# [What is required]
Reproduce only what runs from the line containing "2017 Jeep Compass" to the line containing "Guest Bathroom" in the records below, inclusive. Keep it exact, and keep the pictures out.

# [Excerpted data]
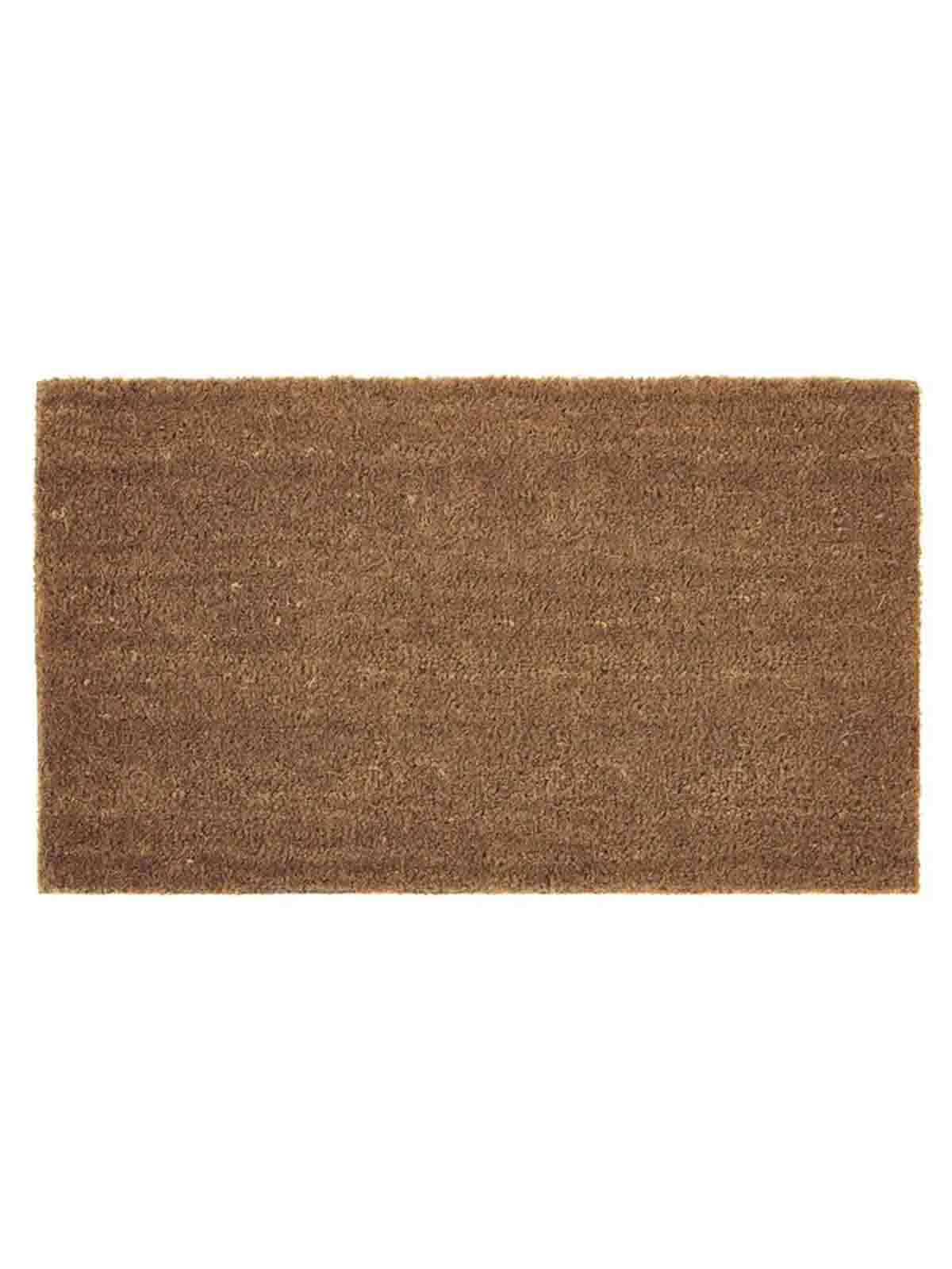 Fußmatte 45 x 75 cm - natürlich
...
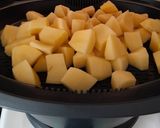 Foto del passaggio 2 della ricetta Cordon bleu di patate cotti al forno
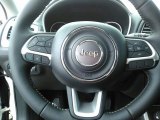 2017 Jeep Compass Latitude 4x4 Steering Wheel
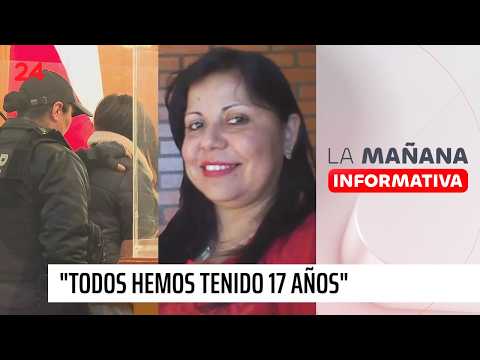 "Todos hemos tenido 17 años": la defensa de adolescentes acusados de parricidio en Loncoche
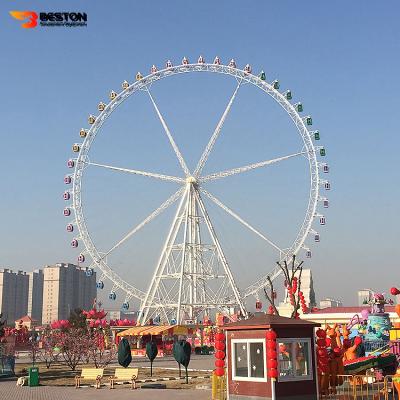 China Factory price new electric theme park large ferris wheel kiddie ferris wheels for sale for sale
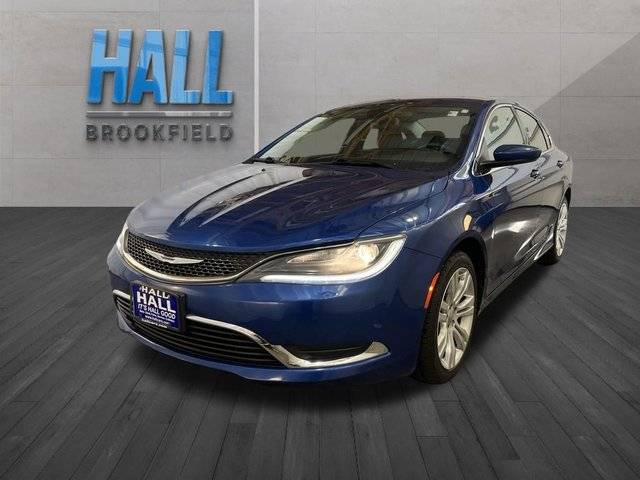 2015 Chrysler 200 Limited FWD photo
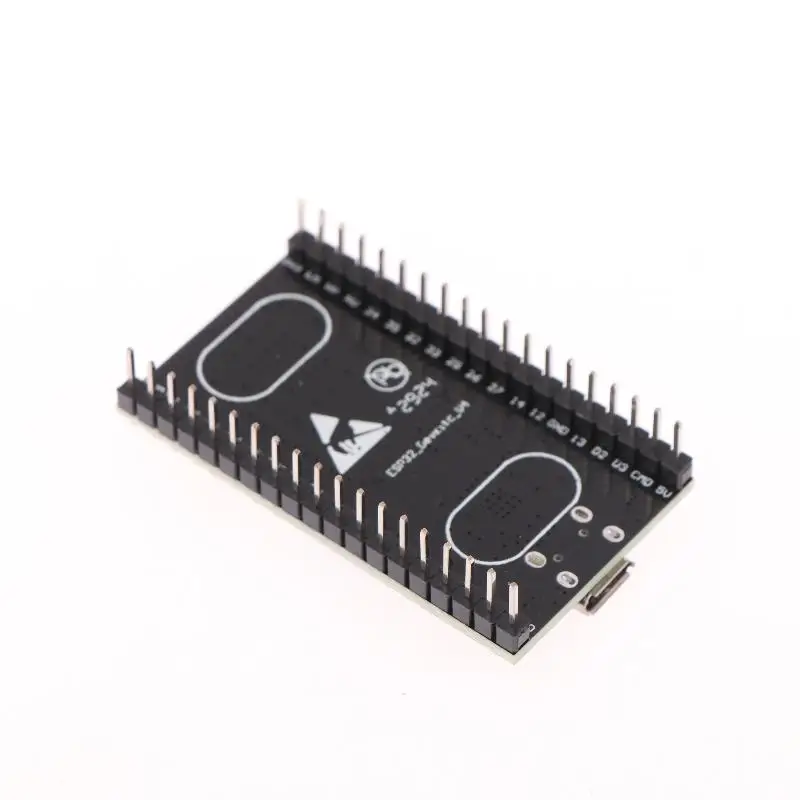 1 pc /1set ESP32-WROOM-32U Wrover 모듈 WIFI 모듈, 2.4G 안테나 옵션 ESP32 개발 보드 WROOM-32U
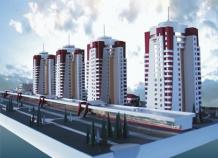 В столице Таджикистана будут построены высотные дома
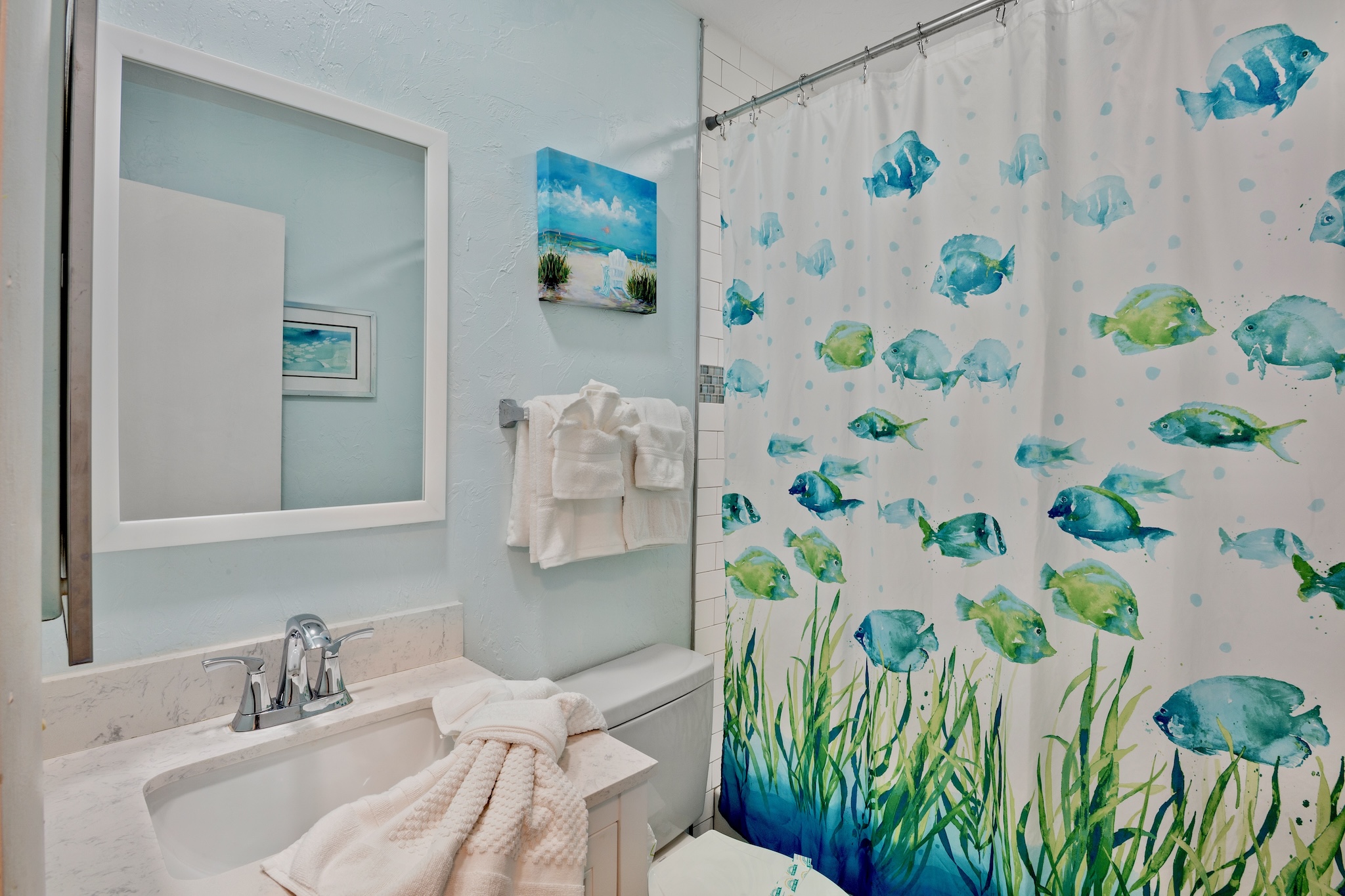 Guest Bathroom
...
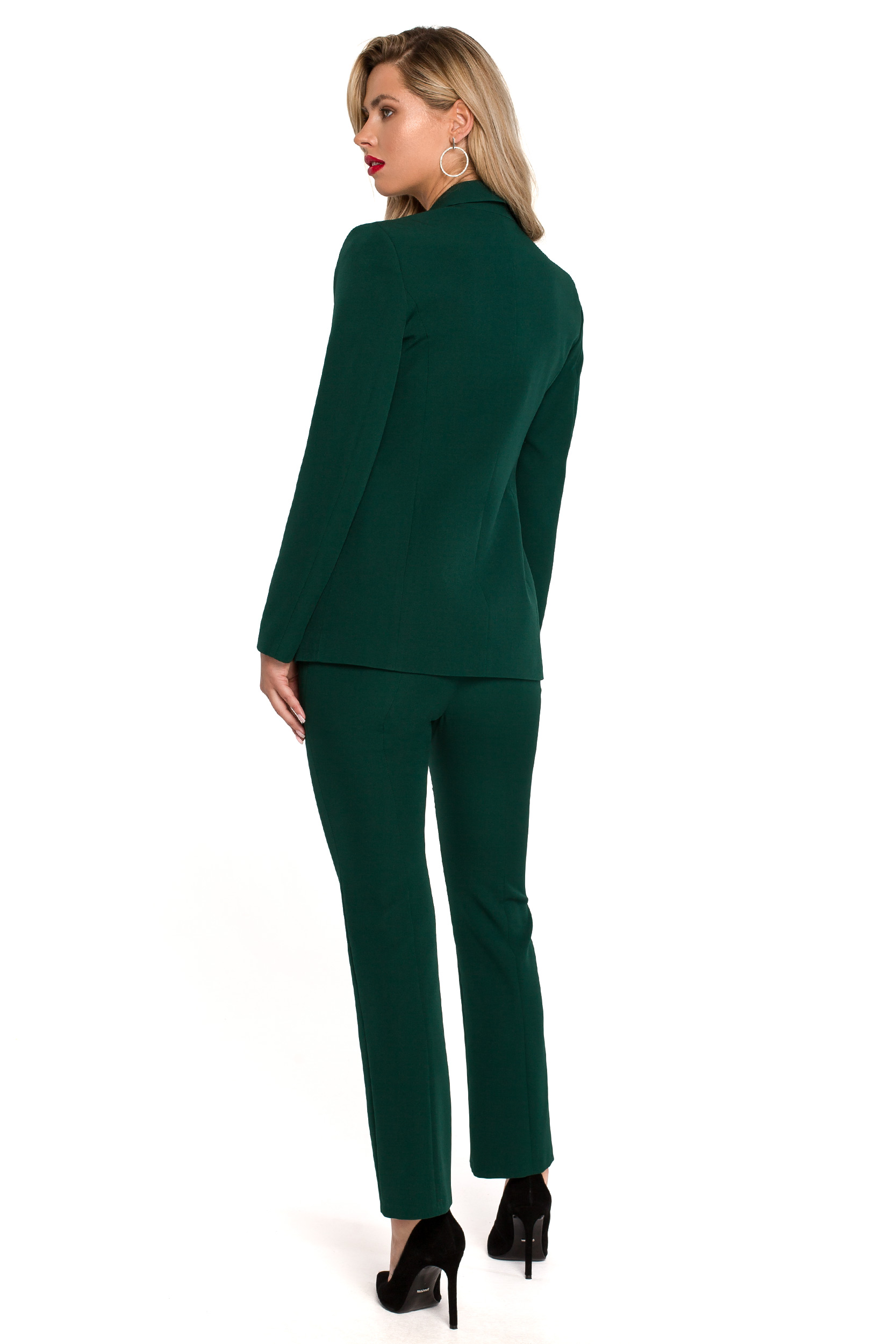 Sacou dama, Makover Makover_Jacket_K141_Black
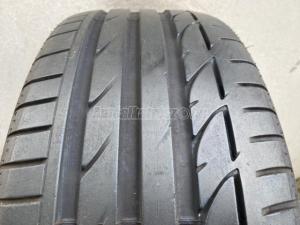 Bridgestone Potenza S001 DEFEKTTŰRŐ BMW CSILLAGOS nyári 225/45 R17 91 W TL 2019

# [Written solution]
 2017 Jeep Compass Latitude 4x4 Steering Wheel
 "Todos hemos tenido 17 años": la defensa de adolescentes acusados de parricidio en Loncoche
 China Factory price new electric theme park large ferris wheel kiddie ferris wheels for sale for sale
 2015 Chrysler 200 Limited FWD photo
 1 pc /1set ESP32-WROOM-32U Wrover 모듈 WIFI 모듈, 2.4G 안테나 옵션 ESP32 개발 보드 WROOM-32U
 В столице Таджикистана будут построены высотные дома
 Guest Bathroom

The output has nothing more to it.